━━━ THE DATA
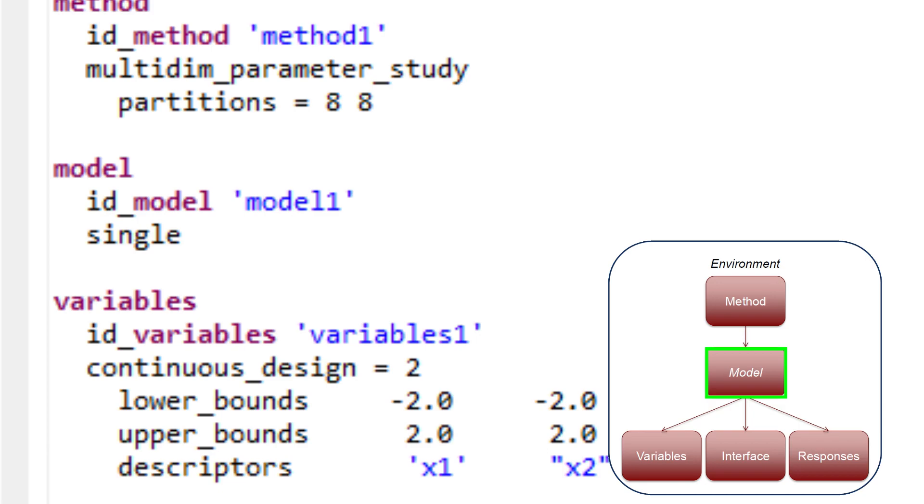In the default case, the model allows the user to specify a single set of variables, interface, and responses. The model block is optional in this simple case.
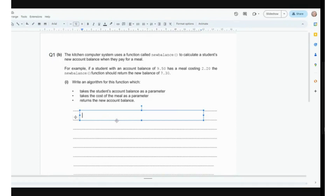Let's write it. Whenever we're writing a function or a procedure in the exam, they might say write a sub-program and you have to figure out whether it's a procedure or a function. This one returns the new account balance and therefore this is a function — it returns some data back to the main program. So we are creating a function called new balance. This is where we receive the data from the main program, known as parameters, which are basically just data held in variable names. We need to think about those parameter names. I might call it current_balance.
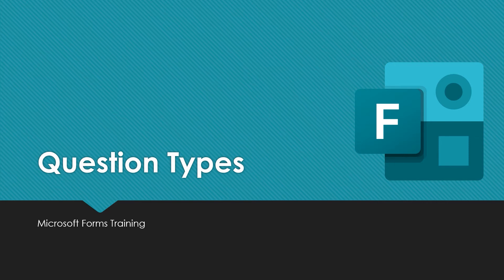In this video we will be looking at the different types of questions available within Microsoft Forms. We will also look at how each question can be used in both forms and quizzes.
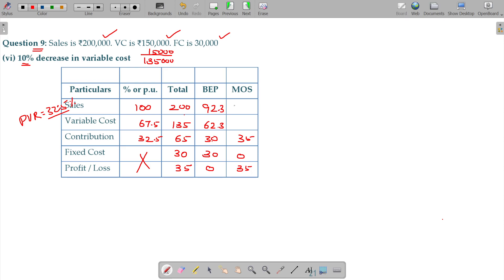MOS should be the difference between these two. What should be the difference between these two? 107.7, 107.7, 35 into 67.5 divided by 32.5, yeah, this is 72.7, 72.7.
━━━━━━
Retype the data above exactly, dropping every picture.

In the default case, the model allows the user to specify a single set of variables, interface, and responses. The model block is optional in this simple case.
Let's write it. Whenever we're writing a function or a procedure in the exam, they might say write a sub-program and you have to figure out whether it's a procedure or a function. This one returns the new account balance and therefore this is a function — it returns some data back to the main program. So we are creating a function called new balance. This is where we receive the data from the main program, known as parameters, which are basically just data held in variable names. We need to think about those parameter names. I might call it current_balance.
In this video we will be looking at the different types of questions available within Microsoft Forms. We will also look at how each question can be used in both forms and quizzes.
MOS should be the difference between these two. What should be the difference between these two? 107.7, 107.7, 35 into 67.5 divided by 32.5, yeah, this is 72.7, 72.7.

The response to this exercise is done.